= Task objective =
Retype, without any change, the line that contains "Canikuf Syrup 100ml" and every line that follows it to the end of the entries, and nothing else.

(Source data)
◇ ◇ ◇
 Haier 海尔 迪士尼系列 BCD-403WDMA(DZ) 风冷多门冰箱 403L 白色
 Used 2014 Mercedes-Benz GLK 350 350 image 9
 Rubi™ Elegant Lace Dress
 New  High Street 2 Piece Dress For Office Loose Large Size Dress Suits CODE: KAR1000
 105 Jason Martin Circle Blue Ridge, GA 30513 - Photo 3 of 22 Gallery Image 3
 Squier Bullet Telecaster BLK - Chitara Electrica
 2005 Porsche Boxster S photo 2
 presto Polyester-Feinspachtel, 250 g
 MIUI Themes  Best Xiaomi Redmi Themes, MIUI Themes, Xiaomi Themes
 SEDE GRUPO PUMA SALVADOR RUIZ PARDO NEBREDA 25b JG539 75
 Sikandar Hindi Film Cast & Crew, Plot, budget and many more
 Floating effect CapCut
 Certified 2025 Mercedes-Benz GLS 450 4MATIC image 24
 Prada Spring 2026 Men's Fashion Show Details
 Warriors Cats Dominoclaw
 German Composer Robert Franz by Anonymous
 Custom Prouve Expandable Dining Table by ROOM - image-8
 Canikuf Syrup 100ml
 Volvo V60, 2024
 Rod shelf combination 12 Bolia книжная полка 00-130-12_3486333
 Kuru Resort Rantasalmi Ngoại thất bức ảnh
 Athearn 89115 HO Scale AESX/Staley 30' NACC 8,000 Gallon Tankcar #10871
◇ ◇ ◇
= Response area =
 Canikuf Syrup 100ml
 Volvo V60, 2024
 Rod shelf combination 12 Bolia книжная полка 00-130-12_3486333
 Kuru Resort Rantasalmi Ngoại thất bức ảnh
 Athearn 89115 HO Scale AESX/Staley 30' NACC 8,000 Gallon Tankcar #10871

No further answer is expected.